1. Urban and non-race-based poverty alleviation program
Poverty is a universal issue and not ethnic-based. We must discard the assumption that poverty is a rural issue. It is an urban problem with rapid 80% urbanization.
Instead of designing programs based on B40, take a realistic approach with the B20 group.
The local authorities must do poverty mapping by respective areas in an urgent manner to provide the required data on those who are truly poor. This ensures that ultimate beneficiaries are those truly in need of services and social assistance programs.
The current E-Kasih system based on voluntary registration and inputs is inadequate and needs be upgraded to meet the requirements of household targeted.
The government must set up non-profit housing funding for affordable housing construction at state level to provide social housing with low rent rates, build houses for long-term rental tenancies to families, and provide good quality, affordable houses to families that do not own any house.
3. Healthcare services
The general health and mental health of every individual must be a key area of focus. The Skim Peduli Kesihatan untuk Kumpulan B40 (PEKA B40) run by Protect Health Corporation, the not-for-profit company established under the Ministry of Health, needs to be reviewed and recalibrated.
There must be greater focus on mental healthcare services which see an alarming increase in suicides across the nation.
4. Social protection
The Invalidity Pension scheme under SOCSO must be expanded to cover the Informal Sector.
The government should make SOCSO contributions for all informal workers, the small and medium startup companies or even the hawkers (mobile ones, too) who are venturing into food business; mainly for anyone who has a monthly income of RM1,500 per month or less.
5. Focus on the children
Children are highly susceptible to the deleterious effects of living in poverty. Their physical, cognitive and emotional development are influenced by the state of poverty.
Policy makers and implementers alike often overlook this aspect of poverty.
It is of paramount importance to recalibrate policies to address the difficult challenges of breaking the cycle of inter-generational transmission of poverty in order to provide the children of the B20 households the opportunity for upward social mobility and a better future.
For the care of children from age 0-5 years, the Ministry of Health (MOH) must review and revamp maternity and early childhood services, especially in providing nutrition and newborns.
Simultaneously, the Ministry of Education (MOE) must look into the matter of school-going children who receive aid from the Ministry of Education, and thus increase the primary allocation from RM100 to RM300 per student, and RM150 to RM500 for secondary students.
The two-thirds of Sijil Pelajaran Malaysia (SPM) dropouts must be mandatorily trained in the field of agriculture, motor mechanics, husbandry, food & beverage, mason, electronic and electrical and other types of vocational training for a period of one year.
This program is like the National Service program called Program Latihan Khidmat Negara.

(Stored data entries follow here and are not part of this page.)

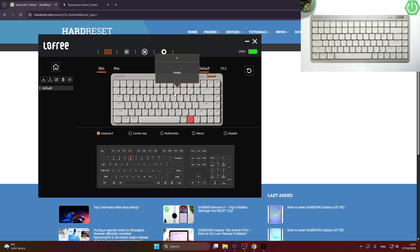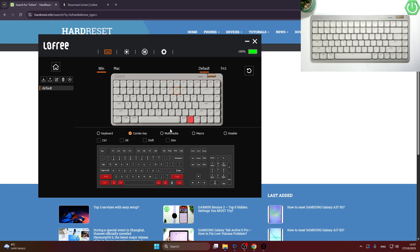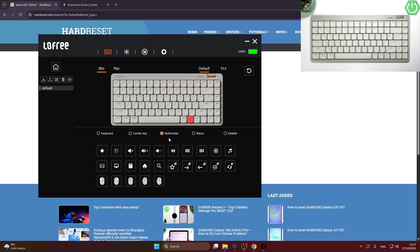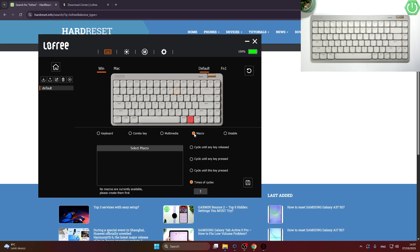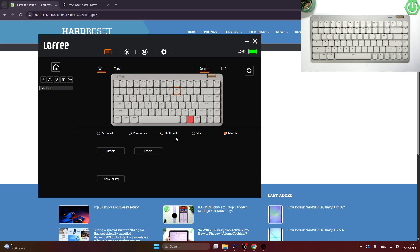Next, select the key you'd like to adjust and select a new function for the key from the keyboard: Combo key, Multimedia, Macro, or you can disable the key.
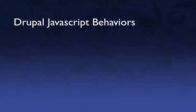Hi, I'm Chris Shattuck with Build-A-Module.com, and in this video we're going to talk about Drupal JavaScript behaviors.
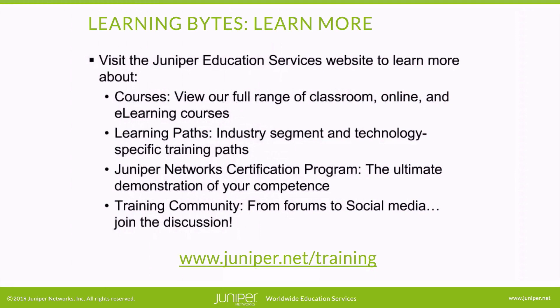Visit the Juniper Education Services website to learn more about courses. View our full range of classroom, online, and e-learning courses. Learning paths, industry segment and technology specific training paths. Juniper Networks Certification Program, the ultimate demonstration of your competence, and the training community from forums to social media. Join the discussion.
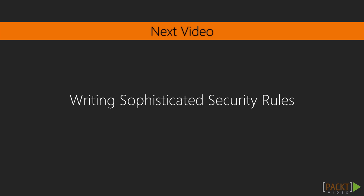In the next video, Writing Sophisticated Security Rules, we'll explore all of the built-in functions and variables provided by Firebase that will allow us to create sophisticated and powerful security rules.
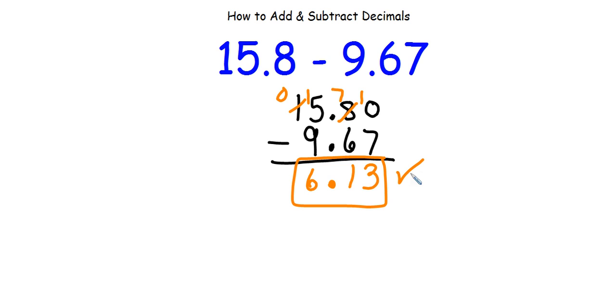That was adding and subtracting decimals using base 10 block models and also by lining up the decimal points.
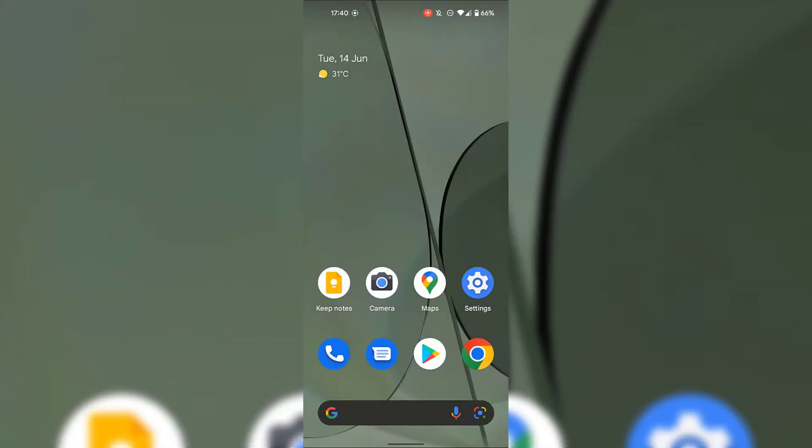How to change default apps in Android devices. I'm currently on my Android device's home screen.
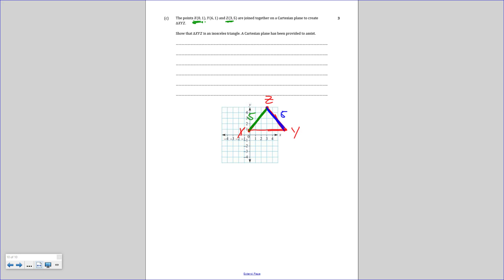Hopefully this video has been useful. The questions cover everything that could be asked in the test, so watch it again, pause as you go, and practise. Good luck with your studies and hopefully you do well in the test on Monday. See ya.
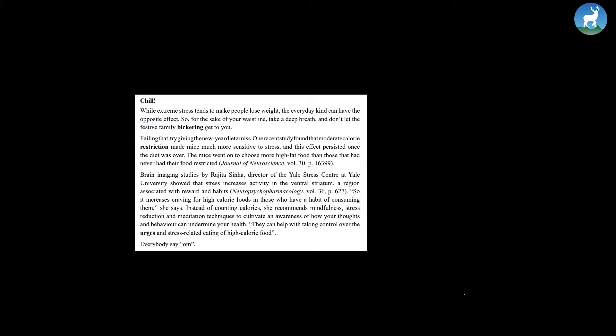Instead of counting calories, she recommends mindfulness, stress reduction, and meditation techniques to cultivate an awareness of how your thoughts and behavior can undermine your health. They can help with taking control over the urges and stress-related eating of high-calorie food. Everybody say Aum.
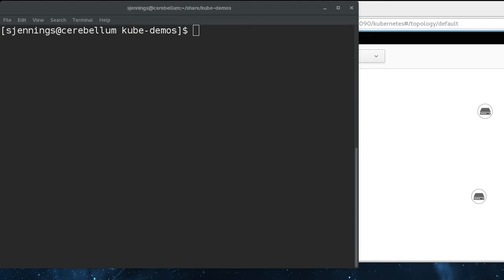But essentially, a Kubernetes service is a resource that fronts a set of pods offering a particular service. So you have three MySQL pods, and they're offering a MySQL database to other pods in the cluster. What you'd really like is not for the pods in the cluster to be bound to another pod in the cluster. What you really want them to do is access a service that fronts the service that all three of those pods create together.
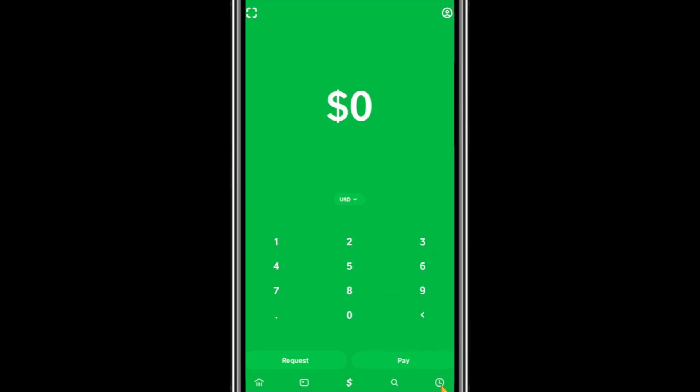On the home screen, locate the clock icon in the bottom right corner. This icon represents your activity feed, where you can view all your past transactions.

By placing them in such a program, these individuals will gain a skill that can help them in obtaining jobs or setting up their own businesses in order to build a better lifestyle for themselves.

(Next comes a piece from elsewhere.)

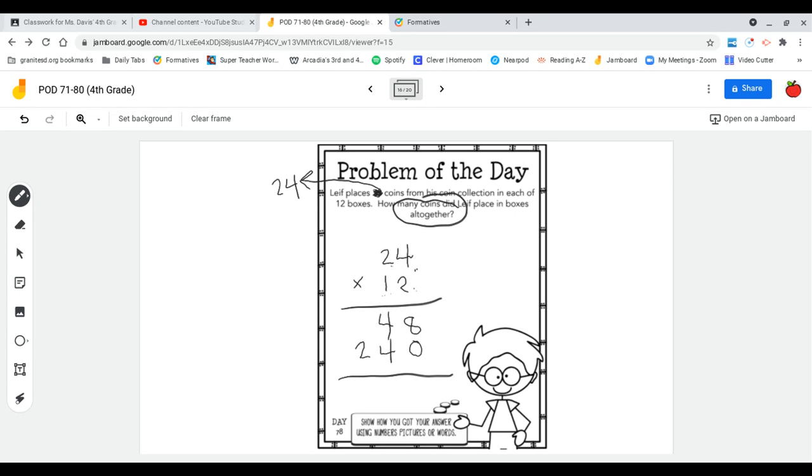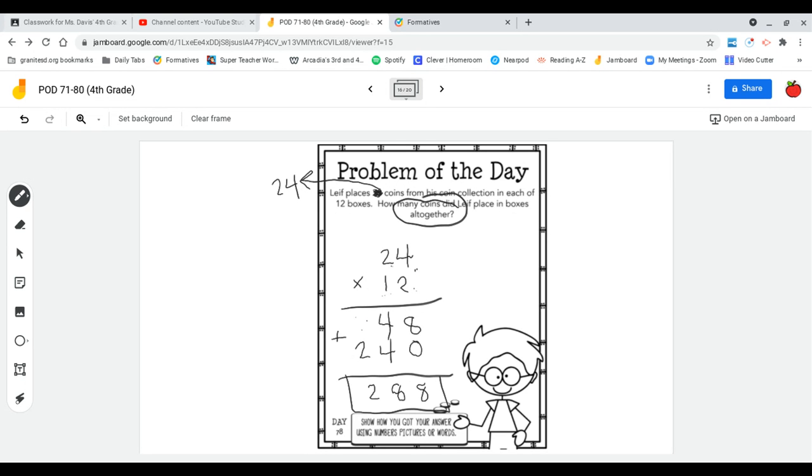Make sure I get those place values lined up for the addition problem. 8 plus 0 is 8. 4 plus 4 is 8. And 2 plus this imaginary zero right here is 2. So 288 coins total.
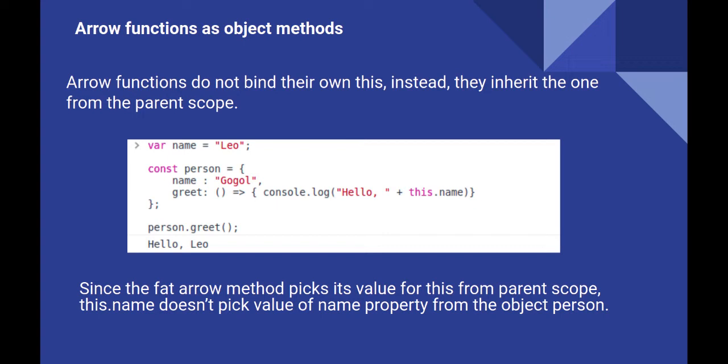We always hear that arrow functions can't or should not be used as object methods. The reason is they aren't bound to the object. They are bound to the parent scope.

The pandemic is the best teacher for all. It just came, ravished and mutated the whole world.
Many are gone. Many are still in hospitals. The damage is far worse than World War I and II. We are being hit by an unseen enemy, not by bullets or bombs, but a pernicious virus.
It is still lingering around. Faces are covered. Graveyards and mortuaries have never been as busy as they are now.

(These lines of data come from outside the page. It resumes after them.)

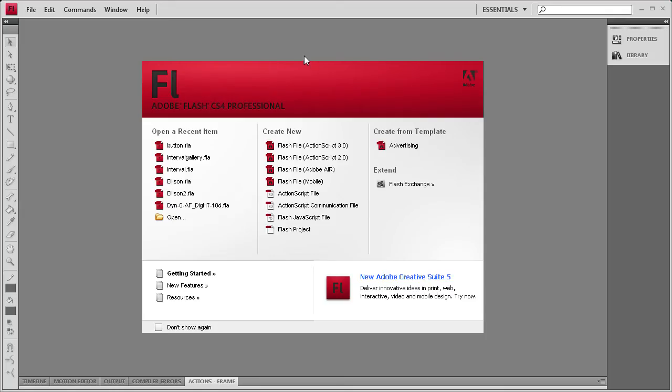Welcome to this tutorial by River City Graphics. Today is going to be the first tutorial in a series of many that will demonstrate the pre-built components in Flash. I'm going to be putting out a new component tutorial every day. Today's tutorial is going to be on the button component.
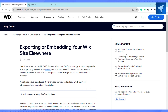If you embedded your website into an external location, Wix cannot provide support and Wix is no longer in control of the way your website appears or functions. Additionally, Google Analytics and search engines may not work properly with an embedded site.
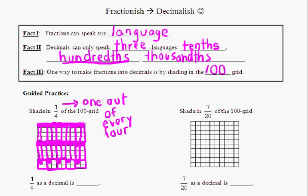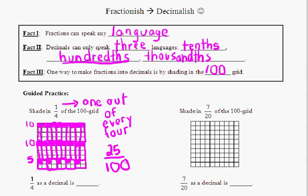So in order to make one-fourth as a decimal, we now need to count how many we actually shaded in. I see 10 across this row — those are all shaded in — another 10 here, and then at the bottom I see 1, 2, 3, 4, 5. So 10, 10, and 5 makes 25. Since it's a 100 grid, it's 25 out of 100, and we've just made ourselves a decimal. 25 hundredths is 0.25 — so one-fourth as a decimal is 0.25.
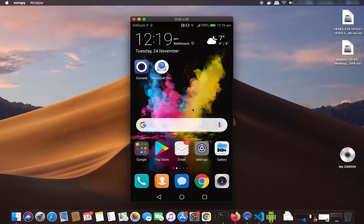So this is how you can mirror your Android screen on your Mac operating system using the scrcpy tool.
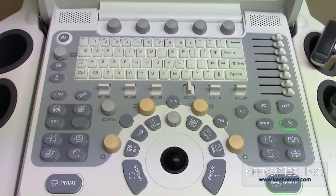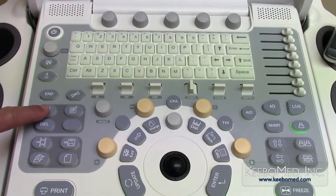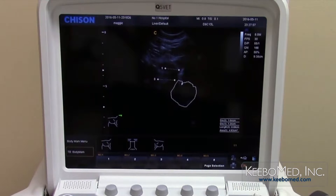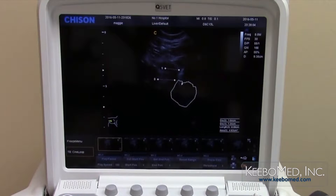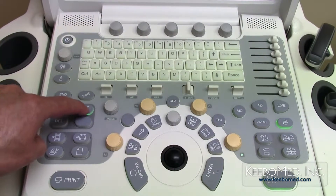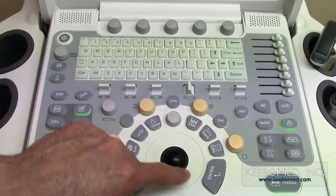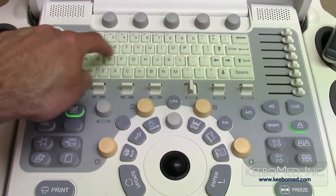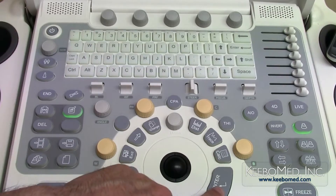To add a body mark to an image, press the body mark button. Different body marks are displayed on the bottom of the screen, numbered one through five depending on the type of examination. Select the appropriate mark by pressing one of the buttons at the top of the keyboard, then use the trackball to position it and press enter to confirm. Press the comment key and a cursor will appear; use the keyboard to enter comments and the trackball to move the comment to the desired area, then press enter to confirm.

If our government is going to be immersed in politics and their never-ending parliamentary seat tussle to secure who is going to be in power, we will soon immerse into a failed sad state.
Hopefully, we will move forward as per our DYMM Agong’s call to put our nation back into action with pragmatic programs to address the woes of the poor.
Note of Appreciation: A word of thanks to Jayanath Appudurai of SABM for sharing his research paper.